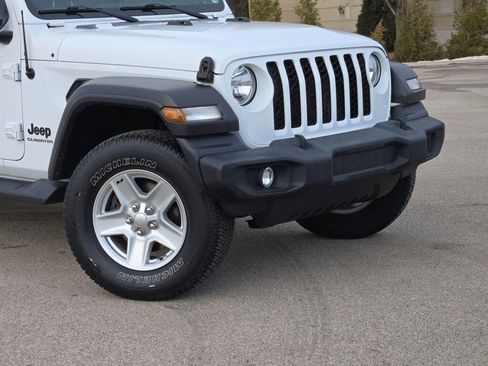 Used 2020 Jeep Gladiator Sport w/ Quick Order Package 24S image 2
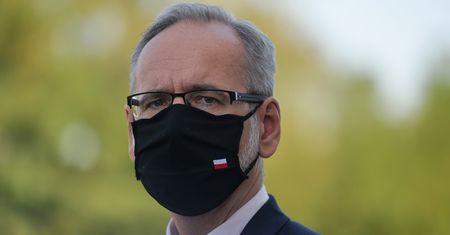 Nowe obostrzenia będą dotyczyć maseczek? Niedzielski stawia sprawę jasno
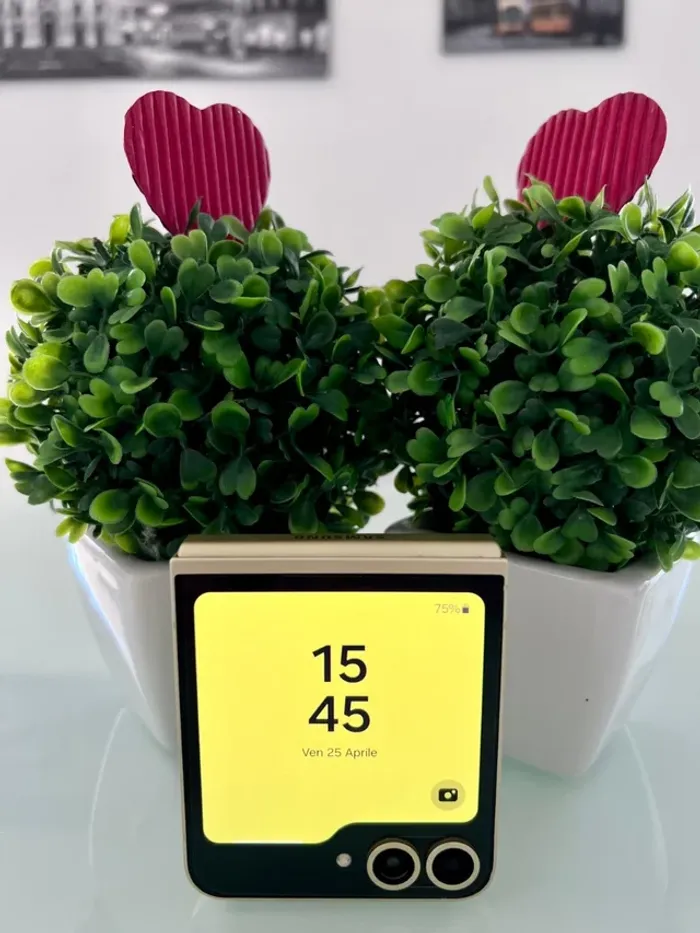 SAMSUNG · GALAXY Z FLIP 6 · 512 Go · Or - photo numéro 9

Directions for this task >> Write out everything in the data word for word. Omit each picture.

Response to this exercise >>
 Used 2020 Jeep Gladiator Sport w/ Quick Order Package 24S image 2
 Nowe obostrzenia będą dotyczyć maseczek? Niedzielski stawia sprawę jasno
 SAMSUNG · GALAXY Z FLIP 6 · 512 Go · Or - photo numéro 9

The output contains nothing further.